Swedish Medical Center’s Issaquah campus may be certificated for 40 more beds by the end of October, Executive Director Dr. Rayburn Lewis said.
The hospital already has capacity and is licensed for more than 170 beds, a number Swedish Issaquah will grow into by 2018, Lewis said. Currently it fills less than half that — 80 beds. But the beds the hospital will gain when it gets the go-ahead from the state Department of Health are ready to go.
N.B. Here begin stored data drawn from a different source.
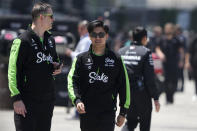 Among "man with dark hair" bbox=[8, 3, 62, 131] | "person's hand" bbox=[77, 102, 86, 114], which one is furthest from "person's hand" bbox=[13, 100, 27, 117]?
"person's hand" bbox=[77, 102, 86, 114]

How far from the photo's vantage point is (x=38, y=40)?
7211mm

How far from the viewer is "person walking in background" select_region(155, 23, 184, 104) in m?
18.5

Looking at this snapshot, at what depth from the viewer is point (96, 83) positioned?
7.36 metres

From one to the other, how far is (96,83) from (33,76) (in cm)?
65

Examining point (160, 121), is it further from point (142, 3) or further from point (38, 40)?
point (142, 3)

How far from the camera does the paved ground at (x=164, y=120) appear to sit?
43.3ft

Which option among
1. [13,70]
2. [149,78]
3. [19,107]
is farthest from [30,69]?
[149,78]

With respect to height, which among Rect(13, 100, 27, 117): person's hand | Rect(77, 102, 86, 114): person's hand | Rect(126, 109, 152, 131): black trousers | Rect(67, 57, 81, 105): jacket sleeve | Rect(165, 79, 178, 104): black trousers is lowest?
Rect(165, 79, 178, 104): black trousers

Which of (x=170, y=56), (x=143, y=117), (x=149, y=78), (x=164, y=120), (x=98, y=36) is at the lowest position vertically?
(x=164, y=120)

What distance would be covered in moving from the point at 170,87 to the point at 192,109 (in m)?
1.11

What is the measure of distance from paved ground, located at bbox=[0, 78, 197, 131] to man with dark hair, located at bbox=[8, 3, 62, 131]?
518cm

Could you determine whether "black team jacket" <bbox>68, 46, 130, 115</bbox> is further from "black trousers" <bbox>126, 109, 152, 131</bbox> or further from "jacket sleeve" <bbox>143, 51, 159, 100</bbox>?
"black trousers" <bbox>126, 109, 152, 131</bbox>

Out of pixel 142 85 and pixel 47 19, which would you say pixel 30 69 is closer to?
pixel 47 19

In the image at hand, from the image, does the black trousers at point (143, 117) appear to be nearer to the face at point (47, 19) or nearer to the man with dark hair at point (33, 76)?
the man with dark hair at point (33, 76) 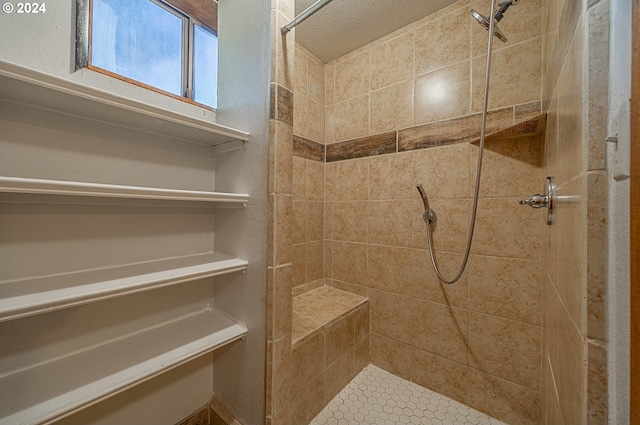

“We essentially have two floors unused right now,” Lewis said. “The beds and other equipment and everything we need are there. And they’ll be ready for use as soon as we have approval to use them.”
It’s all part of Swedish’s plan for growth intended to match that of the Issaquah Highlands.
Swedish opened in 2011 as the lone building on its portion of the Grand Ridge overlooking Lake Sammamish. That’s no longer true. Commercial and residential construction rings three sides of the building and the Ridge’s population continues to grow toward the 10,000 residents anticipated by the time the Highlands builds out.
The hospital itself has become the second most productive Swedish campus in terms of child deliveries, expecting 1,500 births by 2014’s end. Swedish Issaquah’s bread and butter specialties are natal and pediatric services, orthopedics and oncology — “babies, bones and cancer,” Lewis said — with support for other specialties like cardiology, neurology and physical rehabilitation.
Swedish is considering other specialties that could be safely relocated from its Seattle hospitals to small, community hospitals like the Issaquah campus — but they’re not ready to publicly discuss which services could make the shift, Lewis said.
As services and doctors are added, the hospital will construct a second building on the north side of Northeast Blakely Drive to move its administrative services.
Swedish has just completed a $130 million capital campaign from its charitable donors. Lewis said he wants to cultivate a charitable base in the Highlands to support Swedish Issaquah in the future.
“The population here is fairly young,” he said. “With young families you have to develop a culture of giving.
“We want to develop that sense of charity and charitableness.”